米Dana-Farber Cancer Instituteなどの研究者たちが、米Dendreon社の前立腺癌免疫治療Sipuleucel-T(商品名:PROVENGE)のフェーズ3試験(IMPACT試験)で得られた結果をNEJM誌2010年7月29日号に報告した。それによると、Sipuleucel-T投与群で有意な全生存期間延長が見られた。

 「PROVENGE」は、患者自身の樹状細胞を利用して製造されたオーダーメード型癌免疫細胞療法で、2010年4月にFDAから承認を得ている。
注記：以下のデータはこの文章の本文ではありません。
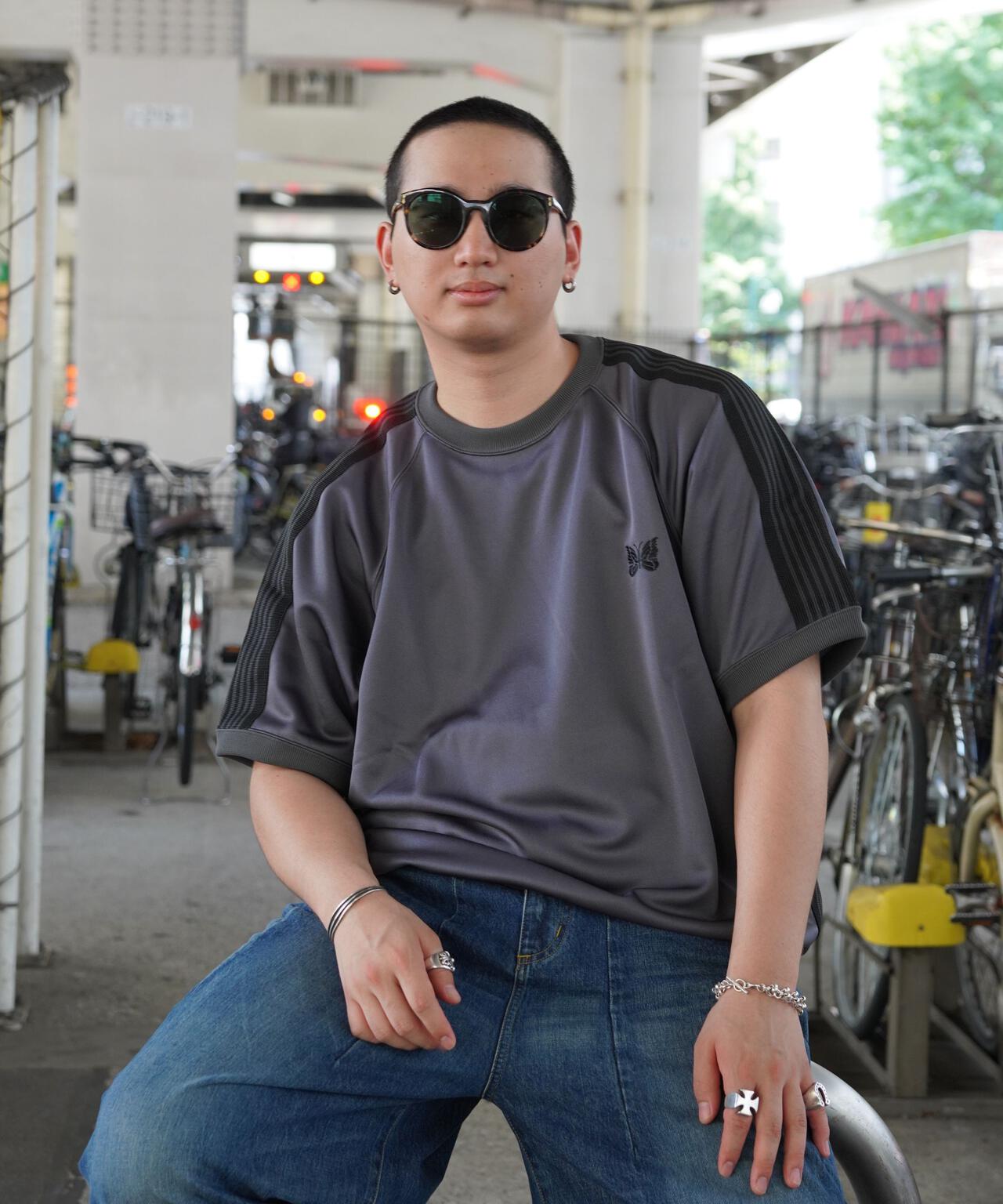 Needles/ニードルズ  別注Track S/S Crew Neck Shirt-Poly Smooth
 IMPACT試験は、二重盲検の多施設無作為化試験で、無症候性またはわずかに症状がある転移性のホルモン療法抵抗性前立腺癌の患者512人を対象に行われた。2対1で「PROVENGE」(341人)またはプラセボ(171人)に割り付け、隔週で計3回点滴静注した。
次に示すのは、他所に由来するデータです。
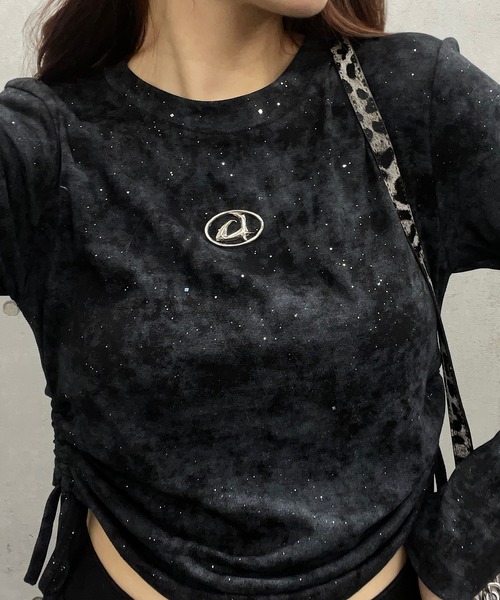 ROGER AND RAW（ロジャーアンドロウ）の「プレート付ショート丈ラメギャザーロングスリーブＴシャツ（Tシャツ/カットソー・レディース・ブラック/ピンク/ホワイト/グレー・MEDIUM/LARGE）」の17枚目の写真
 主要エンドポイントに設定された全生存期間の中央値は、介入群が25.8カ月、対照群が21.7カ月となった。介入群では死亡の相対リスクが22%低かった(調整ハザード比0.78、P=0.03)。「PROVENGE」の利益はさまざまなサブグループの患者に一貫して見られた。
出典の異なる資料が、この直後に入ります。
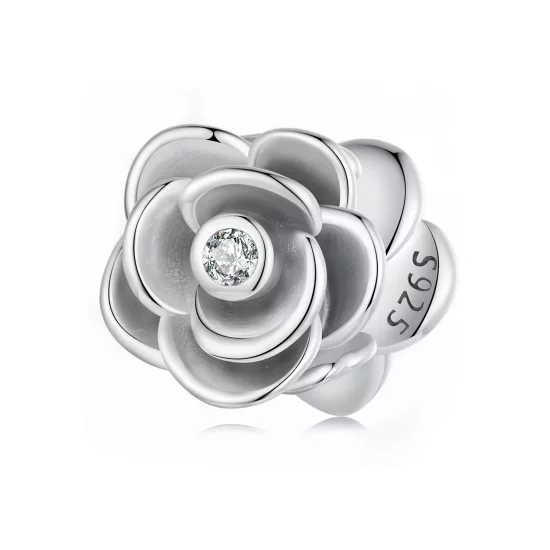 (imagen para) Charm tridimensional con forma de rosa estilo PANDORA - SCC2705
 なお、「PROVENGE」に割り付けられた患者の97.1%が1回以上の投与を受けており、3回の投与を完了した患者の割合は92.2%と高かった。初回投与から治療完了までの中央値は28日だった。

 介入群に多かった有害事象は、悪寒、発熱、頭痛、インフルエンザ様症状などで、多くがグレード1/2だった。これらの症状は主にサイトカイン放出に起因すると考えられた。先に行われた無作為化試験で示唆された脳血管系イベントのリスク上昇は見られなかった。

 ただし無増悪生存期間については両群間に差は見られなかった。この点について著者らは、「この種の前立腺癌患者では、無増悪生存期間は、全生存期間の予測因子としては信頼性が低いことから、この治療の有効性に疑問を抱かせる結果ではない」と説明している。